• _ACTION ITEM_
Leave out each picture. Repeat everything else in the records exactly.

• _RECORDS FOR THE TASK_
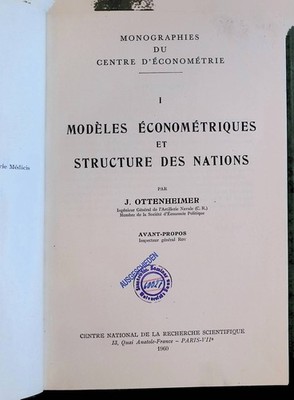 Modèles Économétriques et Structure des Nations Monographs du Centre d'Économétr
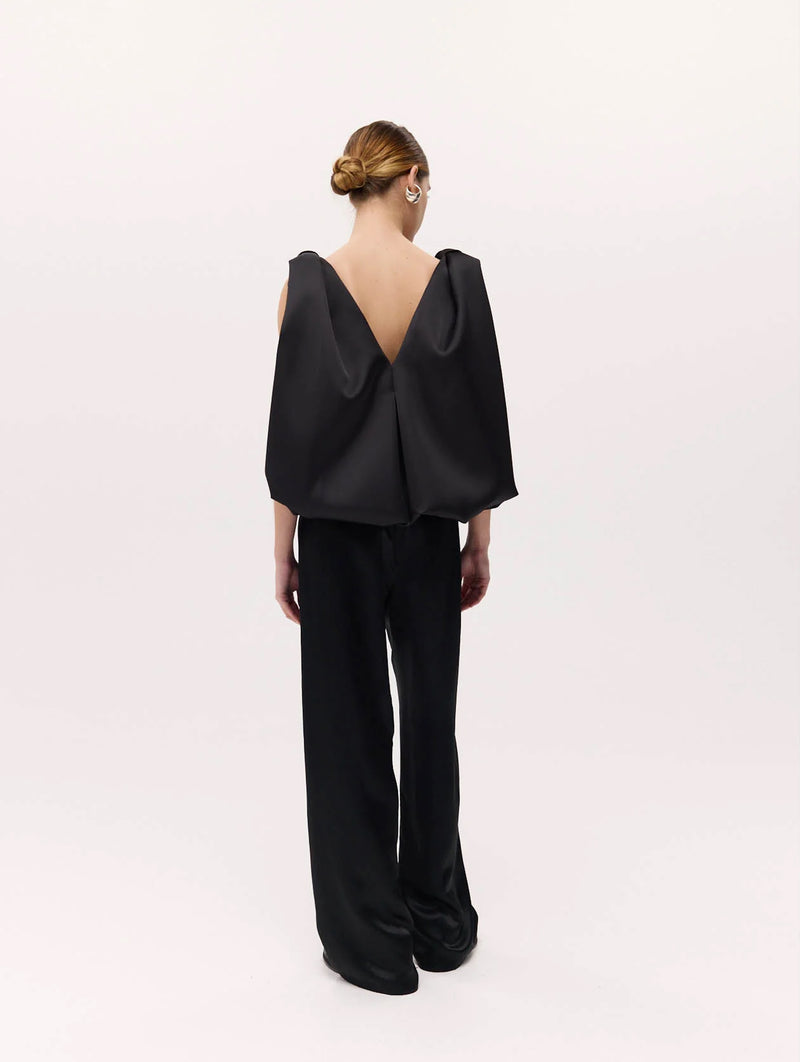Knot Top in Black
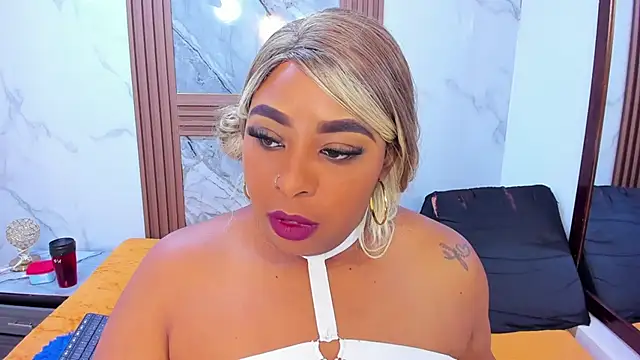 HannyMansonh online show from March 2025 06:35:01 AM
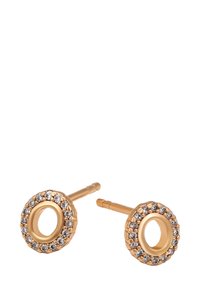 Zlaté kruhové náušnice s prázdnym stredom, každá lemovaná malými trblietavými diamantmi v jednom rade.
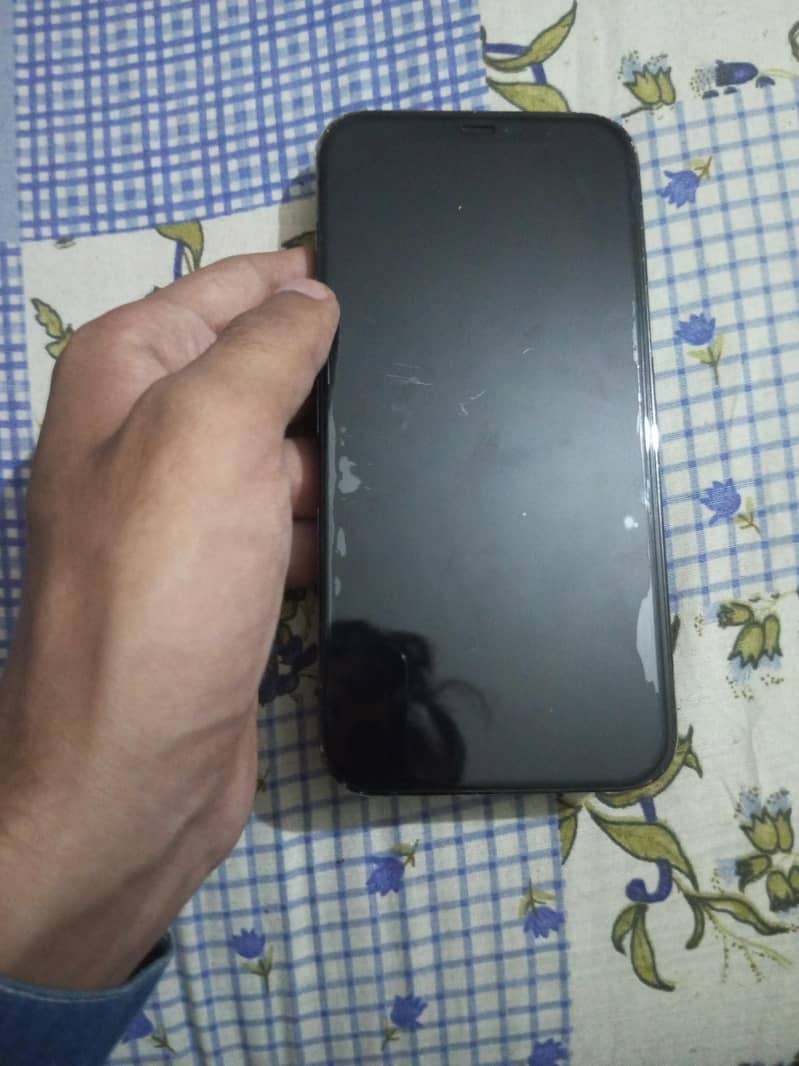Apple iPhone 12 Pro Max 4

• _SOLUTION TO THE PROBLEM_
 Modèles Économétriques et Structure des Nations Monographs du Centre d'Économétr
Knot Top in Black
 HannyMansonh online show from March 2025 06:35:01 AM
 Zlaté kruhové náušnice s prázdnym stredom, každá lemovaná malými trblietavými diamantmi v jednom rade.
Apple iPhone 12 Pro Max 4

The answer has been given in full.